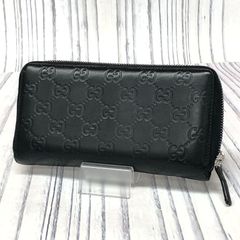 美品】グッチ 長財布 インプリメ ラウンドファスナー GG柄 黒 ロゴ金具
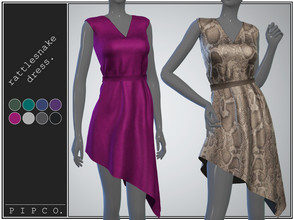 Sims 4 — Rattlesnake Dress Collection. by Pipco — stylish asymmetrical dresses. 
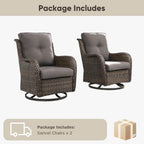 Belord Outdoor Swivel Chairs Set of 2,Patio Wicker Rocker Chairs,All Weather Patio Conversation Furniture Set, Ideal for Porch Balcony Deck Yard, Brown Wicker/Gray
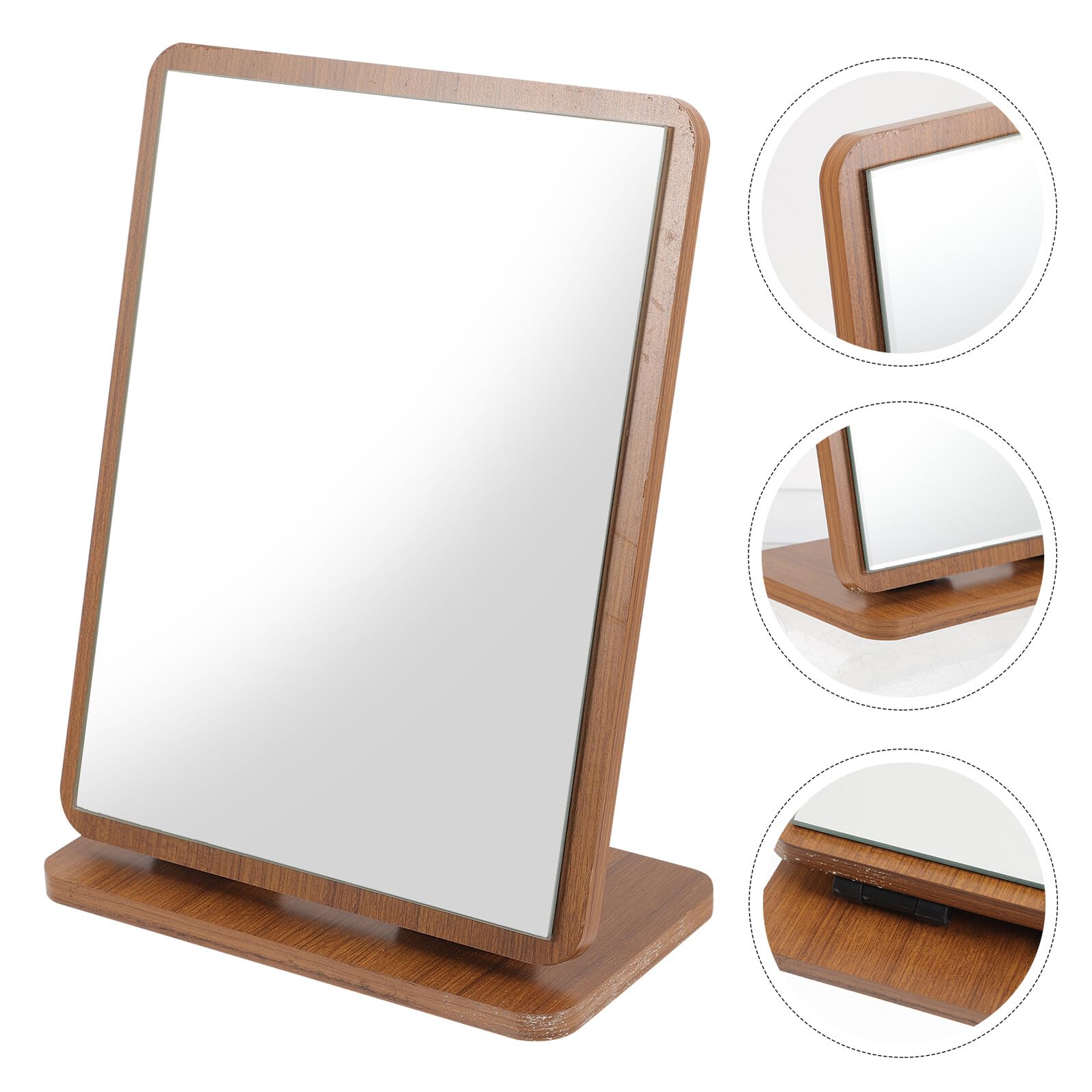 Specchio Elegante per Trucco in Legno Marrone Design Girevole Regolabile Specchio da Tavolo per Camera da Letto e Bagno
□ □ □ □
* **WHAT IS REQUIRED**
Once the pictures are set aside, give the listing again word for word.

* **REPLY TO THE EXERCISE**
 美品】グッチ 長財布 インプリメ ラウンドファスナー GG柄 黒 ロゴ金具
 Sims 4 — Rattlesnake Dress Collection. by Pipco — stylish asymmetrical dresses. 
 Belord Outdoor Swivel Chairs Set of 2,Patio Wicker Rocker Chairs,All Weather Patio Conversation Furniture Set, Ideal for Porch Balcony Deck Yard, Brown Wicker/Gray
 Specchio Elegante per Trucco in Legno Marrone Design Girevole Regolabile Specchio da Tavolo per Camera da Letto e Bagno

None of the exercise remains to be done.